Il nodo del salario minimo
L’analisi potrebbe continuare a lungo, seguendo lo stesso percorso. Per esempio quando per risolvere il problema dei lavoratori della classe media - che è il problema centrale del mondo avanzato di oggi - e dei loro salari fa accenno allo strumento, delicatissimo, del salario minimo garantito uguale per tutti, lo stesso che ha regalato alla Francia - in assenza di una produttività “tedesca” - una disoccupazione strutturale troppo alta.

Una visione senza alternative
Macron disegna davvero una nuova Europa; e - va detto - è l’unico a farlo. Anche perché è francese. Privata con Brexit dell’apporto anglosassone, l’Europa ha al momento di fronte a sé, dal punto di vista della cultura politica, solo un’alternativa: l’ordoliberalismo (che può avere una versione conservatrice e una sociale). La cultura politica italiana appare come una rete di sentieri interrotti, alcuni molto provinciali, e sembra condannata all’afasia se non all’inconcludenza; mentre altri paesi (Olanda, Danimarca, Svezia, Finlandia) non sono in grado di trasformarsi davvero dei modelli perché il loro sistema, per quanto ammirevole, è in realtà difficilmente esportabile.

I limiti della Germania
La Germania, però, non riesce e forse non vuole assumere una leadership, neanche culturale; e forse non è un male, considerate le possibili reazioni che susciterebbe il tentativo di costruire davvero un’egemonia tedesca in un contesto in cui la presenza di un paese così grande e potente già appare ingombrante ai critici.

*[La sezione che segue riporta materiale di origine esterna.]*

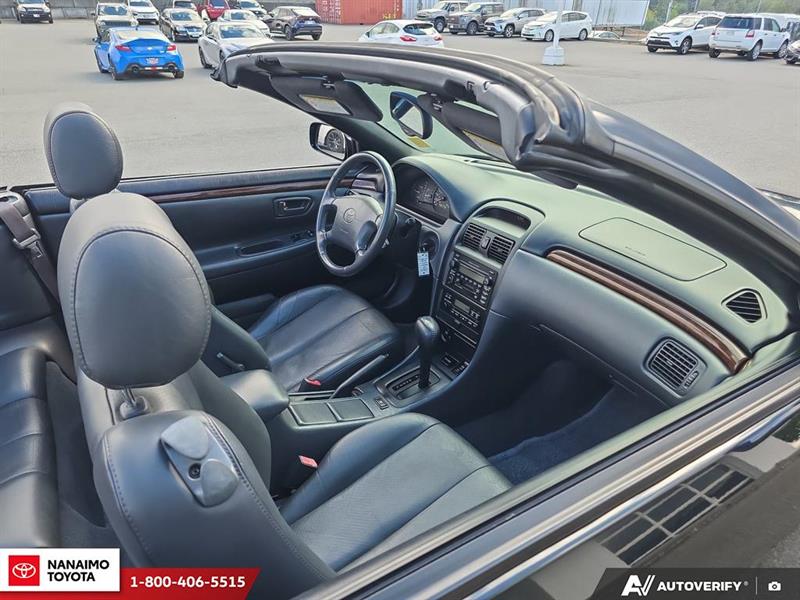 toyota Solara 2000 - 25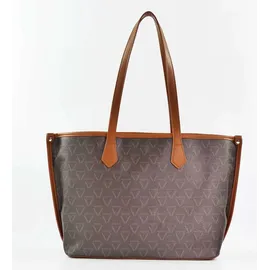 Valentino Lady Re Shopping Bag Shopper Synthetik Brown
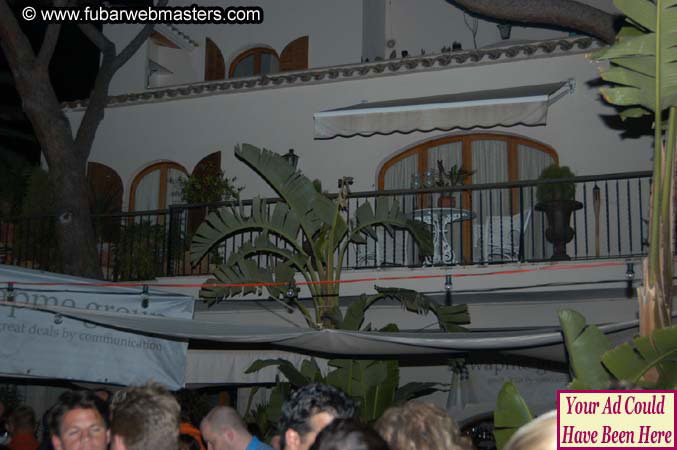 Eurowebtainment Party 2004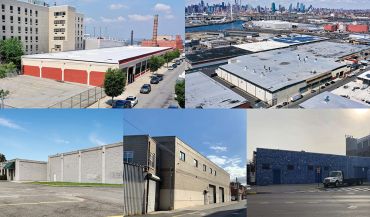 Seagis has a wide-ranging industrial portfolio across the U.S.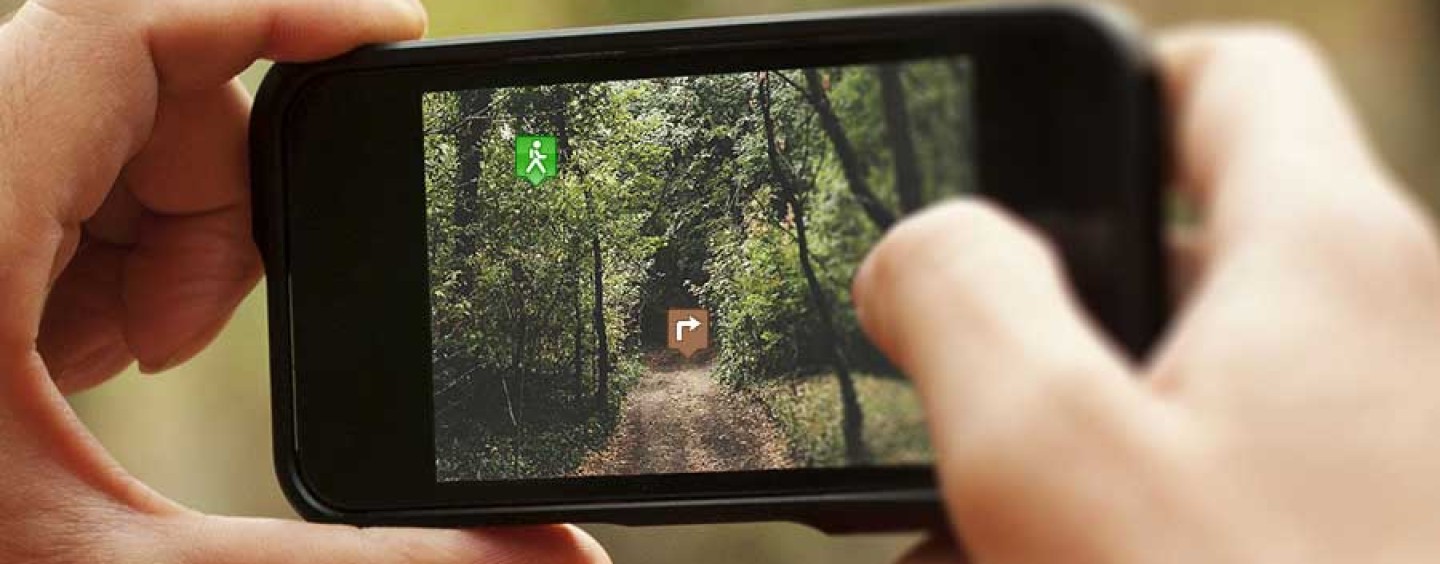Realtà aumentata con il vostro SmartPhone!
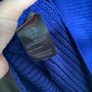 Dorothy Perkins Cobalt Royal Blue Chevron Knit Jumper Image 3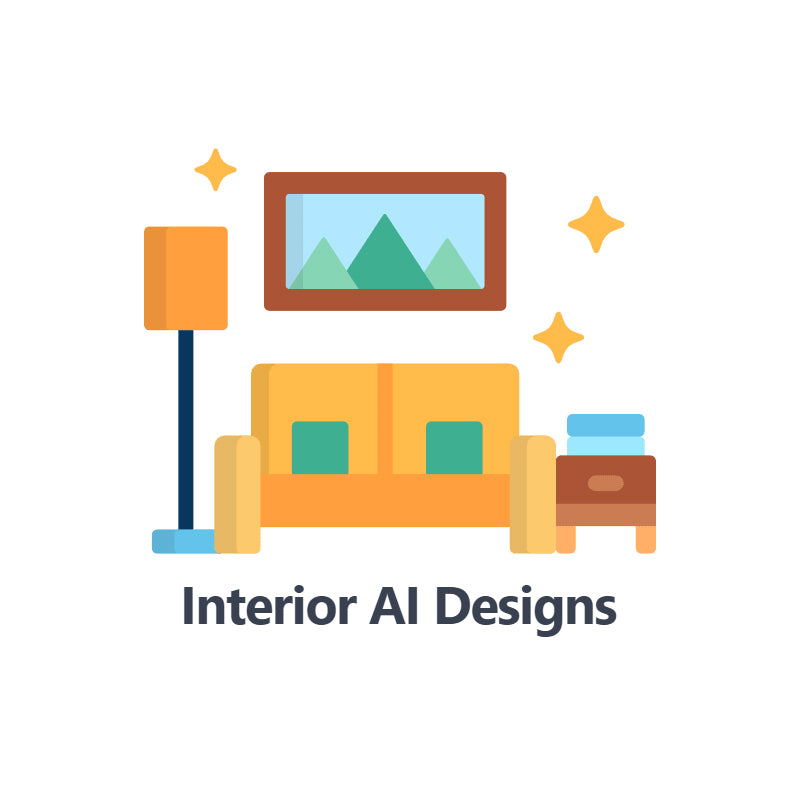 Interior AI Designs - Interior AI Design Aids Room & Home Redesigns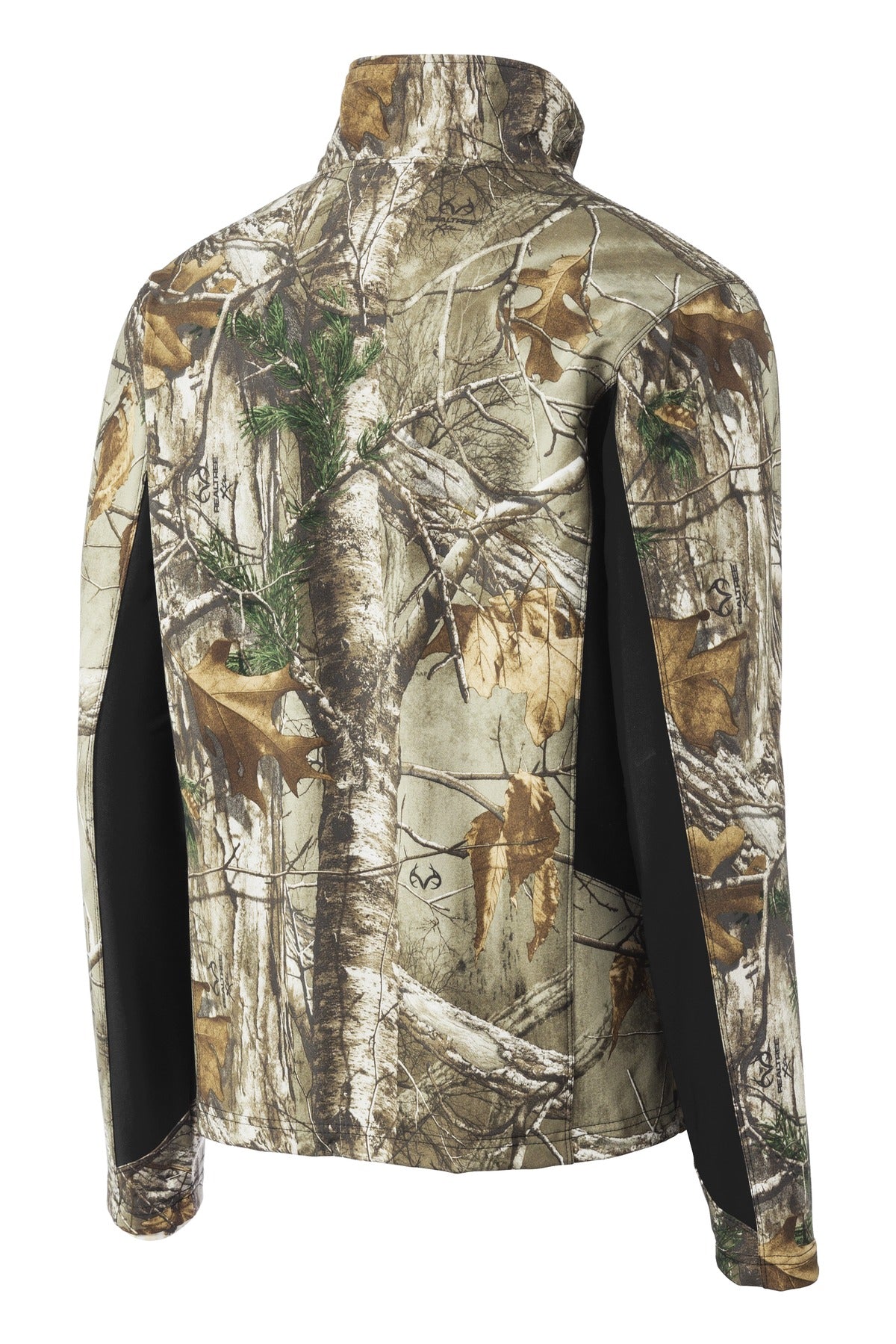 Port Authority® Camouflage Colorblock Soft Shell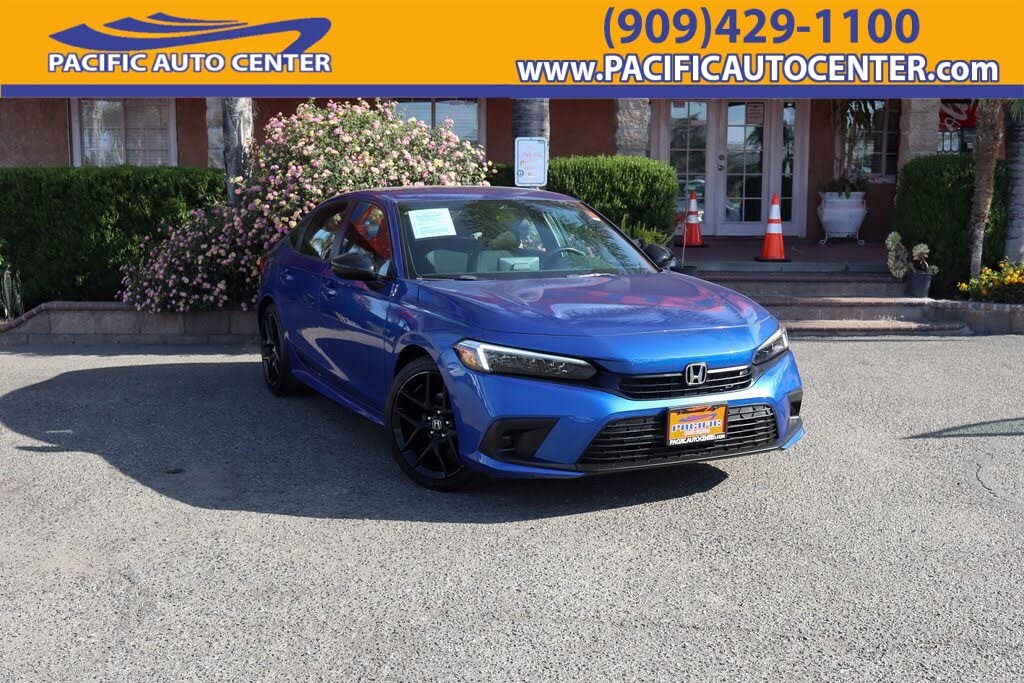 2023 Honda Civic Sport FWD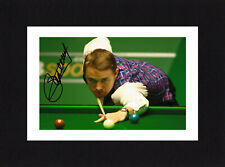 8X6 Halterung Stephen Hendry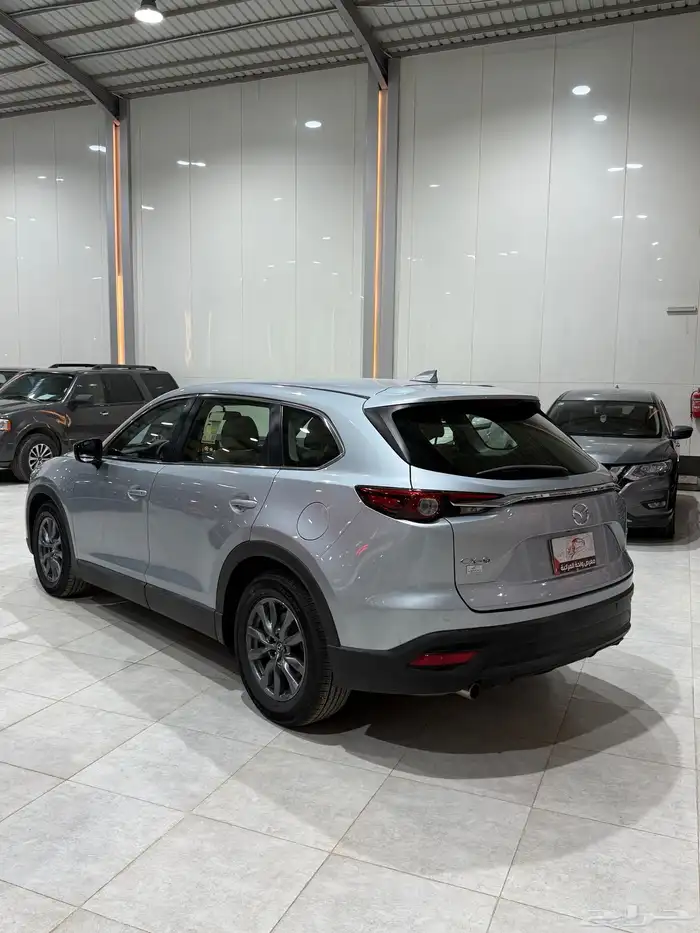 مازدا CX9.2020 3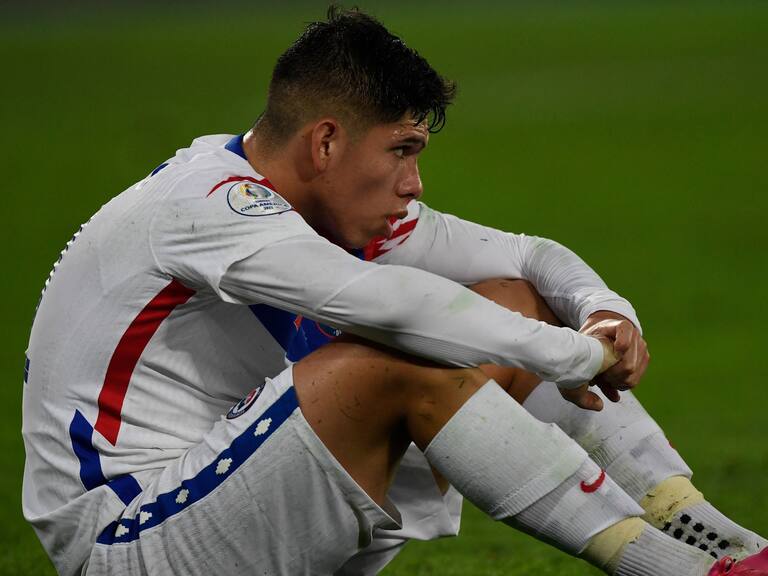 Carlos Palacios selección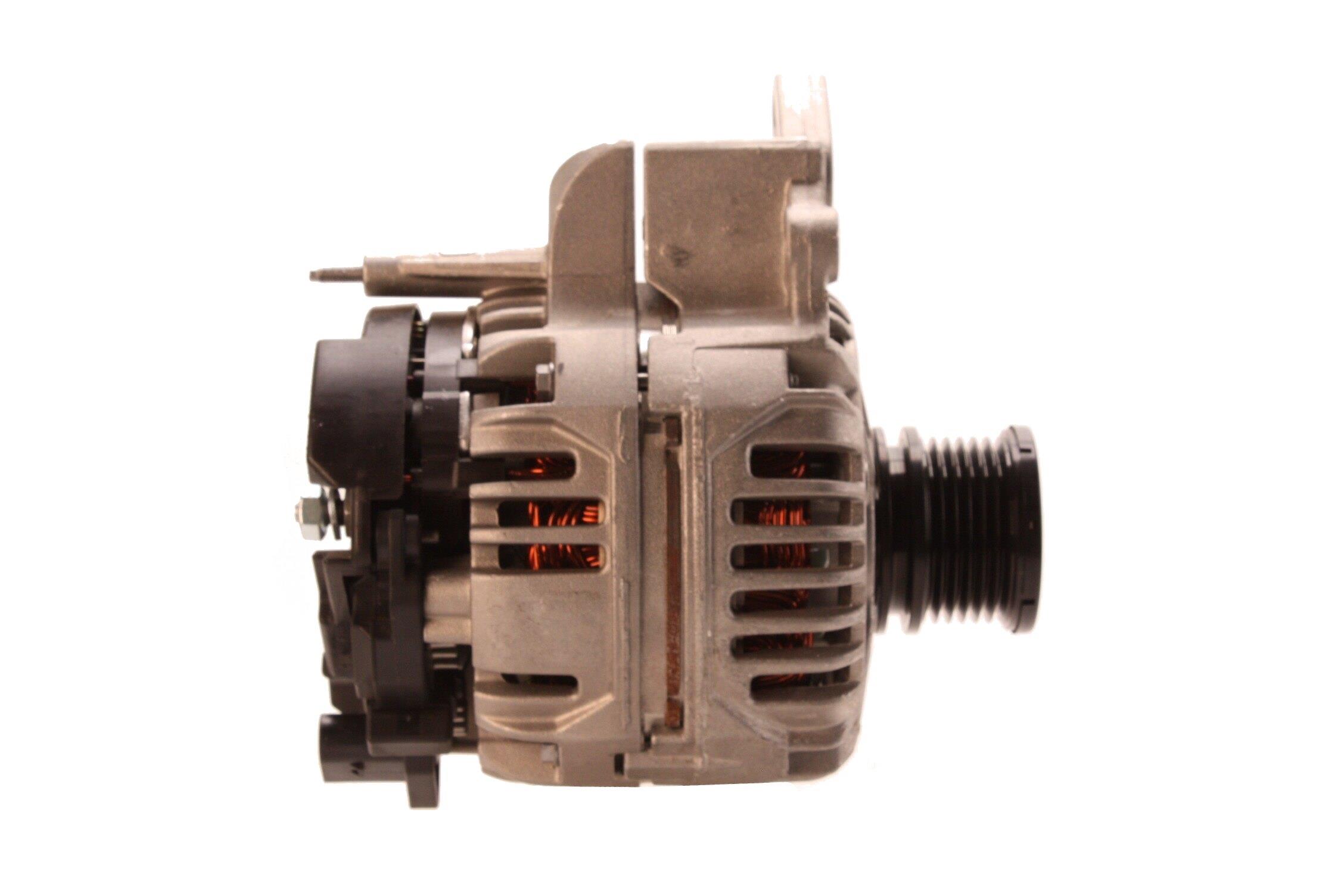 Alternatör 12v 110ah Caddy 3 1,9 03 Golf | Bosch 0124325142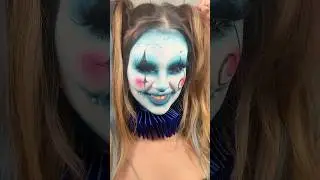Bitch I want your head, in a jar on my nightstand🤭 #makeup #makeupartist #mua #halloween #trending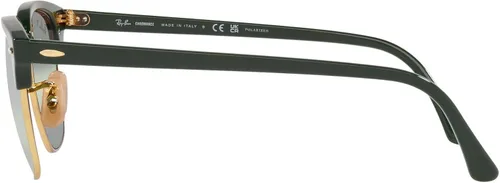 Miniatura 4 de Ray-Ban - Lentes de sol cuadrados modelo RB3016 Clubmaster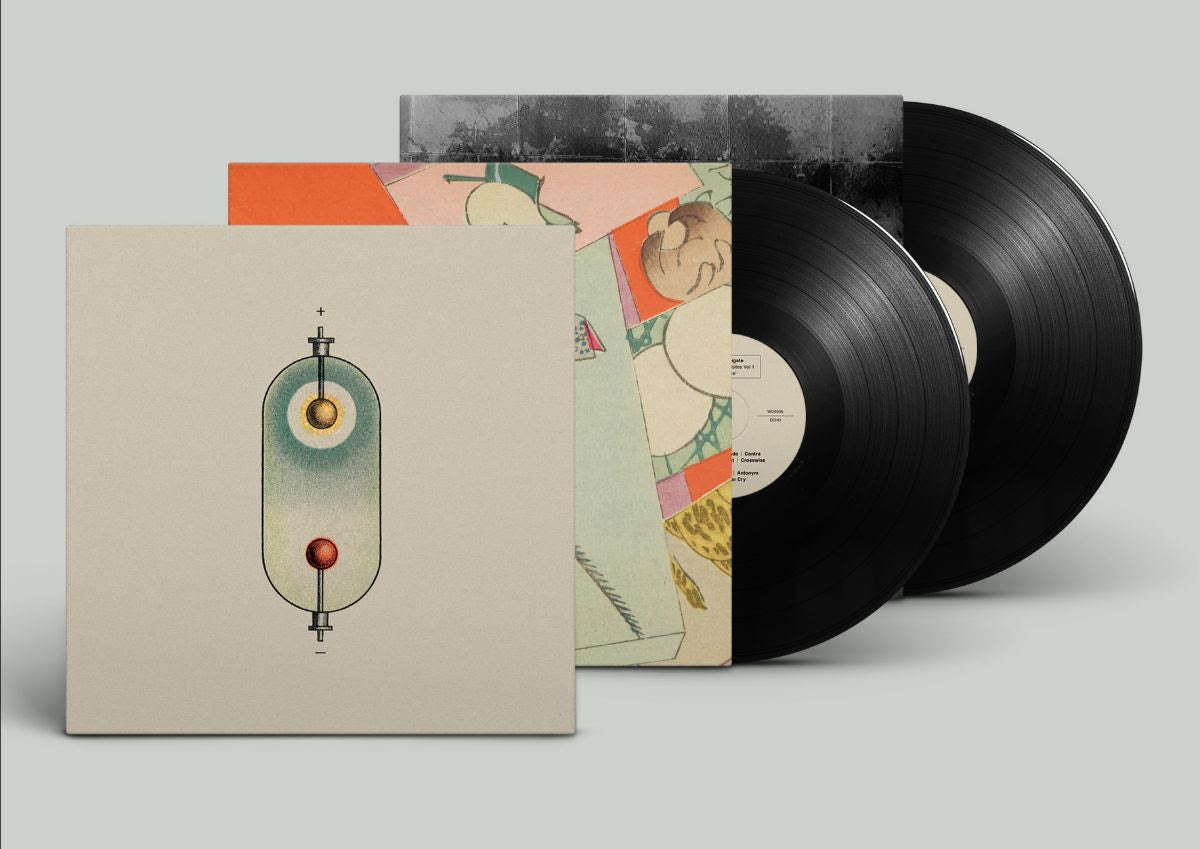 O Yuki Conjugate - A Tension of Opposites: Vol. 1 & 2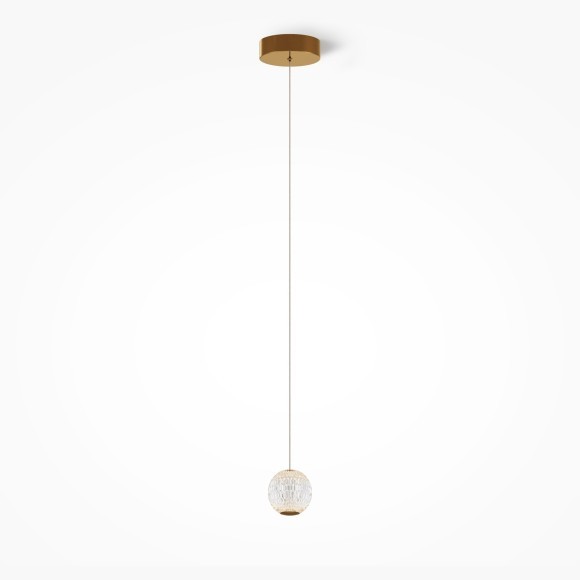 Подвесной светильник Maytoni MOD293PL-L6BS3K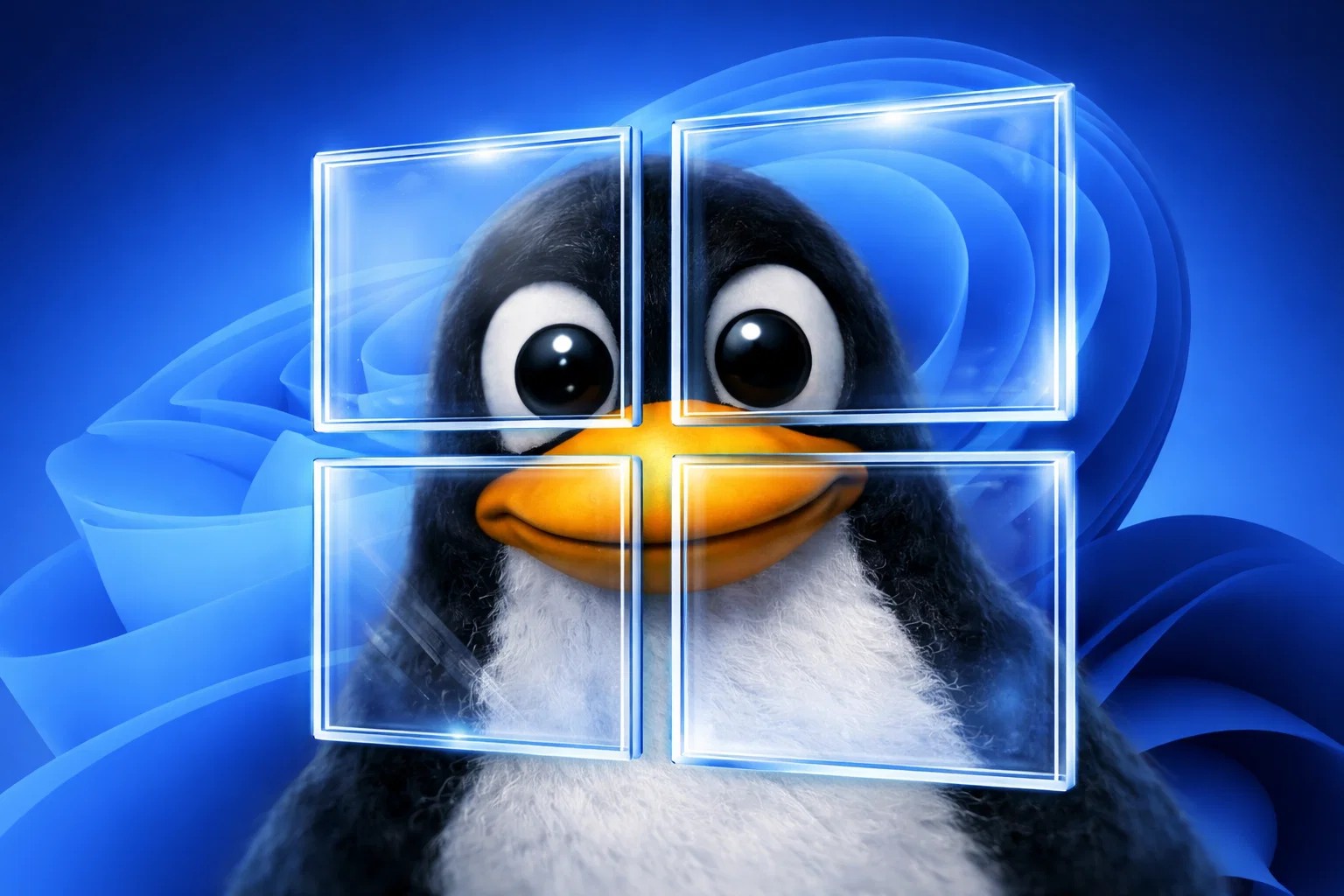 Tux Linux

Il mondo-arcipelago di Macron
Macron - innegabilmente dotato di una vasta cultura politica e di una chiara visione strategica, come pochissimi in Europa - è quindi solo, e l’assenza di alternative europeiste all’altezza della sua proposta non è certo un bene. Anche perché, come tutti i sovranismi, anche il sovranismo europeo del presidente francese ha un limite: non è universale (e questo aspetto è molto poco... francese). Disegna un mondo non semplicemente multicentrico - come la Francia ha sempre desiderato - ma composto di isole (di civiltà? di sistemi culturali? di sistemi economici?) chiuse da confini più rigidi di quelli attuali. I confini però proteggono e nello stesso tempo creano conflitti (l’area Schengen “condizionata”, per esempio, non corre il rischio di creare nuove frizioni?). Il vecchio sistema multilaterale che questi confini ridimensionava, per quanto mal concepito e mal applicato, per quanto tutto da correggere e da depurare dei suoi aspetti “elitari”, almeno non aveva questo limite.